New College is a historic building at the University of Edinburgh which houses the university's School of Divinity. It is one of the largest and most renowned centres for studies in Theology and Religious Studies in the United Kingdom. Students in M.A., M.Th. and Ph.D. degree programmes come from over 30 countries, and are taught by almost 40 full-time members of the academic staff. New College is situated on The Mound in the north of Edinburgh's Old Town.

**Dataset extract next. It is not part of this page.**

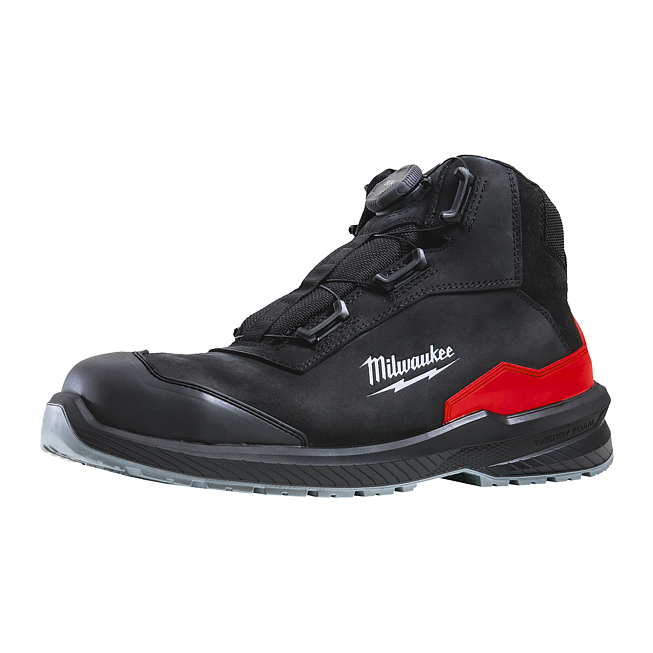 Milwaukee FLEXTRED S3S Sicherheitsst BOA Leder schw Gr47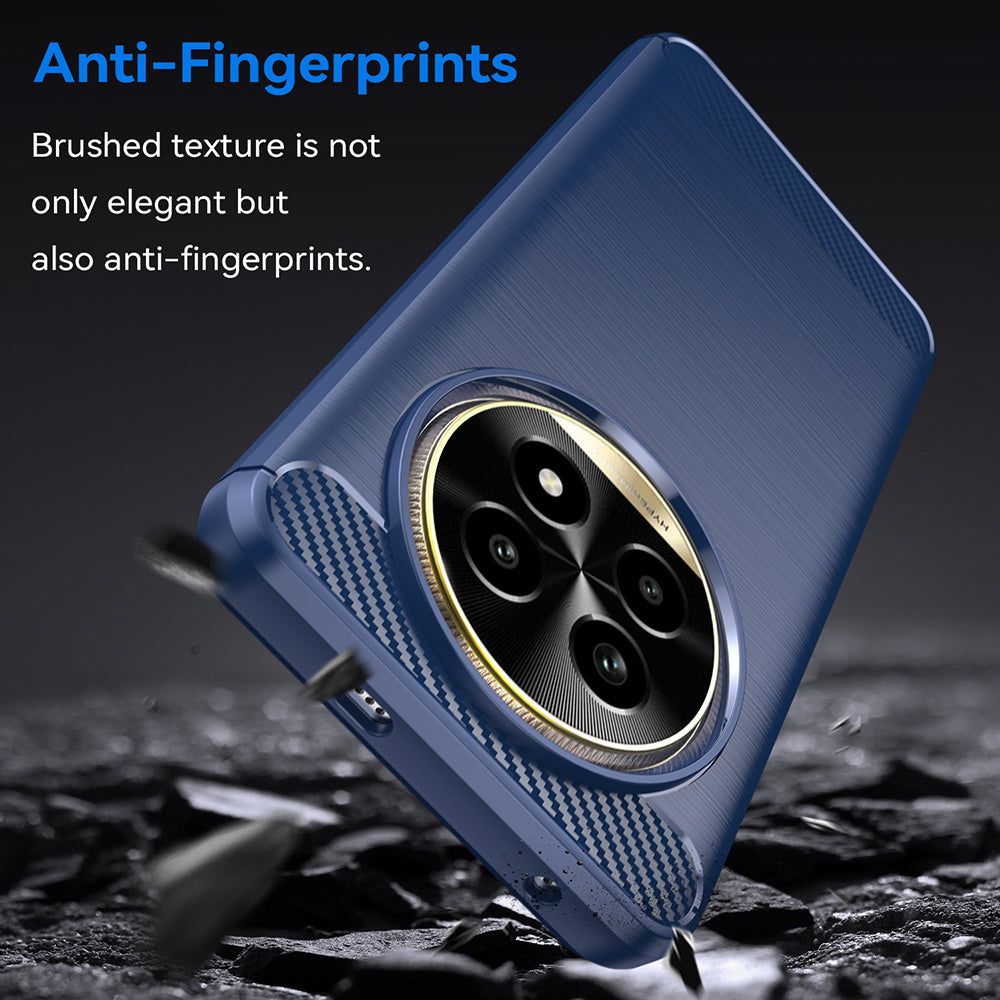 Techsuit - Carbon Silicone - Realme 13 Pro / 13 Pro+ - Blue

New College originally opened its doors in 1846 as a college of the Free Church of Scotland, later of the United Free Church of Scotland, and since 1935 has been the home of the School of Divinity (formerly the Faculty of Divinity) of the University of Edinburgh. As "New College" it continues the historic commitment to offer a programme of academic preparation for ministry in the Church of Scotland, also made use of by ministerial candidates from other churches. In the 1970s the Faculty of Divinity also began offering undergraduate degrees in Theology and Religious Studies, and students in these programmes now make up the majority of the nearly 300 undergraduates enrolled in any given year.

History 
The founding of New College came as a result of a religious conflict that emerged out of the Disruption of 1843 in which clergy and laity left the established Church of Scotland to establish the Free Church of Scotland – free from state connections and submitting only to the authority of Christ. New College was established as an institution for the Free Church of Scotland to educate future ministers and the Scottish leadership, who would in turn guide the moral and religious lives of the Scottish people. New College opened its doors to 168 students in November 1843 and, under the guidance of its first principal Thomas Chalmers, oversaw the construction of the current building. A competition for design of the Free High Church and Free Church College was held in 1844 and, though not one of the winners, the design by William Henry Playfair was chosen and built 1845–1850. At the formation of the United Free Church, the United Free Church was granted the buildings, and the continuing Free Church operated from new premises in 1907. This Free Church College was renamed Edinburgh Theological Seminary in 2014.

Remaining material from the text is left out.